69. The other reason why I decline the Plaintiff’s argument is the limited scope under which a court can intervene in matters governed by arbitration. The Supreme Court in the the Nyutu case underscored the need for courts to exercise deference while intervening in arbitration cases and to respect the parties’ autonomy. The Arbitrator, and not the court has authority to resolve any dispute relating to the interpretation, applicability, enforceability, or formation of the agreement including, but not limited to any claim that all or any part of the agreement is void or voidable. In Rent-A-Center, West, Inc. v Jackson[57] a 5-4 decision held that unconscionability challenge should go to the arbitrator. By the same parity of reasoning, the jurisdictional objections/challenges cited by the Plaintiff including alleged bias and or arbitrability of the dispute are matters which fall within the powers of the arbitrator to determine.

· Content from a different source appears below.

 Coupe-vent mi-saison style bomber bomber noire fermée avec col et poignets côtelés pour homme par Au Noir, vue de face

A reading of the agreement shows that the parties consented to the seat and place of arbitration, the applicable law and the scope of the dispute and the applicable rules. In absence of fraud or misrepresentation, the parties are bound by their choice. This court cannot re-write their preferred choice.
70. In Roger Shashoua & 2 others v Sharma[58]the court held that: -
“An agreement as to the seat of arbitration bring in the law of that country as to the curial law and is analogous to an exclusive jurisdiction clause. Not only is there an agreement to the curial law of the seat, but also to the courts of the seat having supervisory jurisdiction over the arbitration, so that by agreeing to the seat, the parties agree that any challenge to an interim or final award is to be made only in the courts of the place of designated as the seat of arbitration.”(Emphasis added)

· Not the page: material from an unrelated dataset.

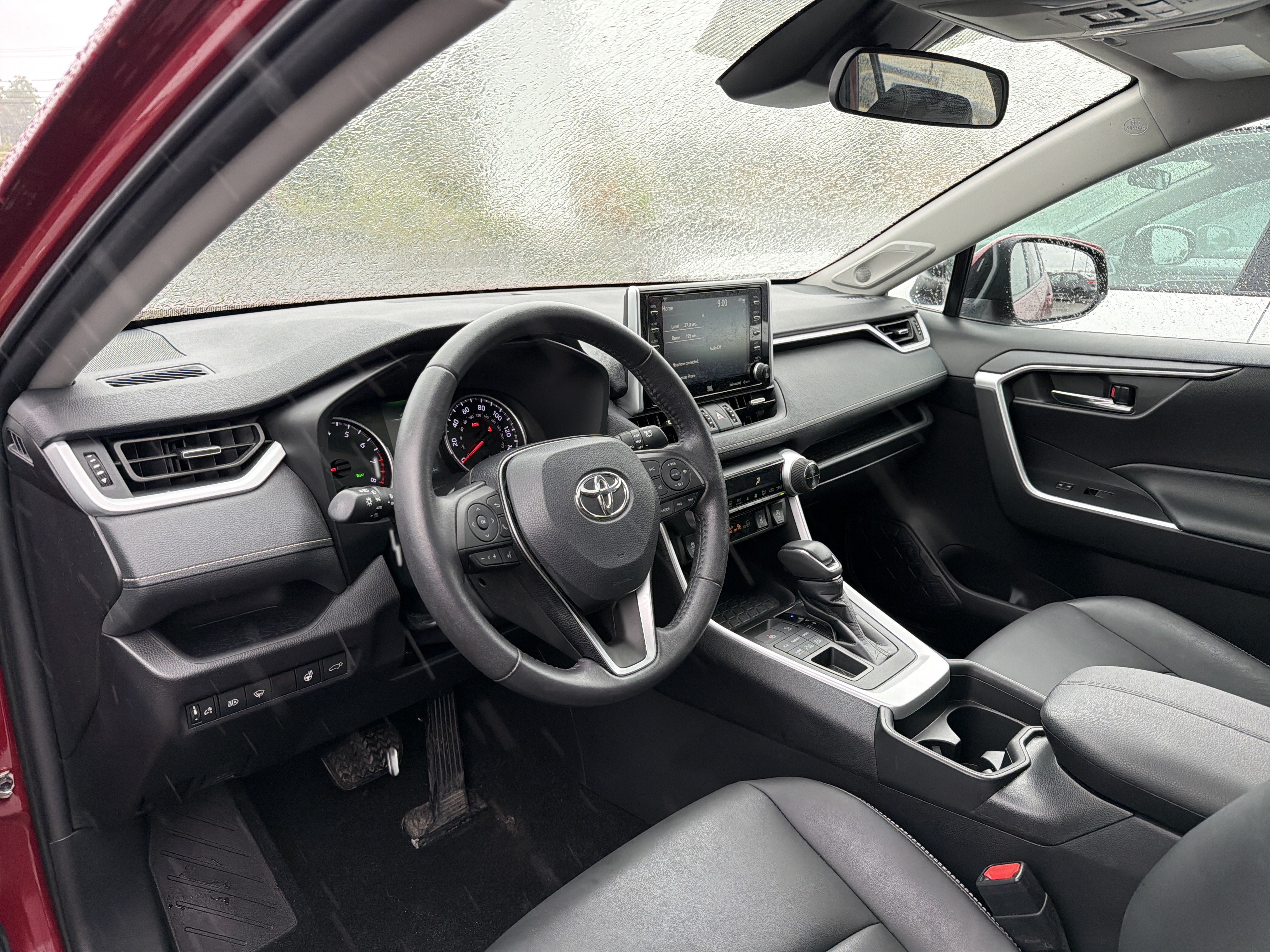 Used 2021 Toyota RAV4 XLE Premium AWD/4WD image 9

71. In Fili Shipping Co Ltd v Premium Nafta Products and Others [On appeal from Fiona Trust and Holding Corporation and others v Primalov and others,[59] Lord Hoffmann, delivering the speech with which all their lordships concurred, said: -
“In my opinion the construction of an arbitration clause should start from the assumption that the parties, as rational businessmen, are inclined to have intended any dispute arising out of the relationship into which they have entered or purported to enter to be decided by the same tribunal. The clause should be construed in accordance with this presumption unless the language makes it clear that certain questions were intended to be excluded from the arbitrator’s jurisdiction.” (Emphasis added).

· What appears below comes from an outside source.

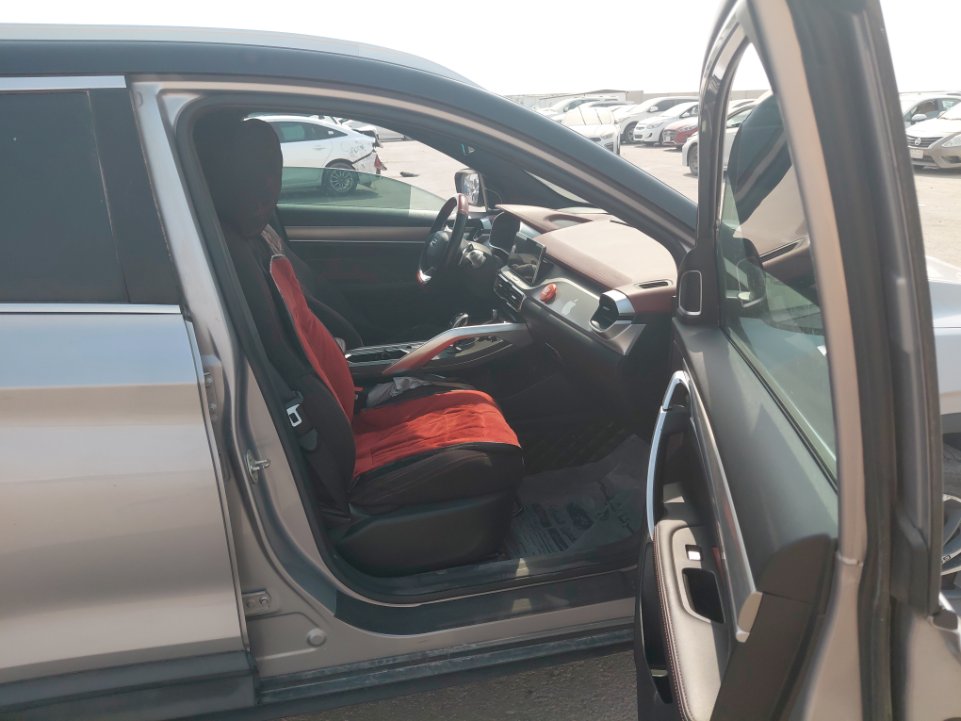 Geely Coolray  2022 image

72. In Fiona Trust (supra), (which the House of Lords upheld in Fili Shipping), decided in the English Court of Appeal, Longmore LJ, delivering the court’s unanimous judgment, said:
“As it seems to us any jurisdiction or arbitration clause in an international commercial contract should be liberally construed. The words “arising out of” should cover “every dispute except a dispute as to whether there was ever a contract at all.”
And
‘One of the reasons given in the cases for a liberal construction of an arbitration clause is the presumption in favour of one-stop arbitration. It is not to be expected that any commercial man would knowingly create a system which required that the court should first decide whether the contract should be rectified or avoided or rescinded (as the case might be) and then, if the contract is held to be valid, required the arbitrator to resolve the issues that have arisen.’
And
‘If there is a contest about whether an arbitration agreement had come into existence at all, the court would have a discretion as to whether to determine that issue itself but that will not be the case where there is an overall contract which is said for some reason to be invalid, eg for illegality, misrepresentation or bribery, and the arbitration is merely part of that overall contract. In these circumstances it is not necessary to explore further the various options canvassed by Judge Humphrey Lloyd QC since we do not consider that the judge had the discretion which he thought he had.”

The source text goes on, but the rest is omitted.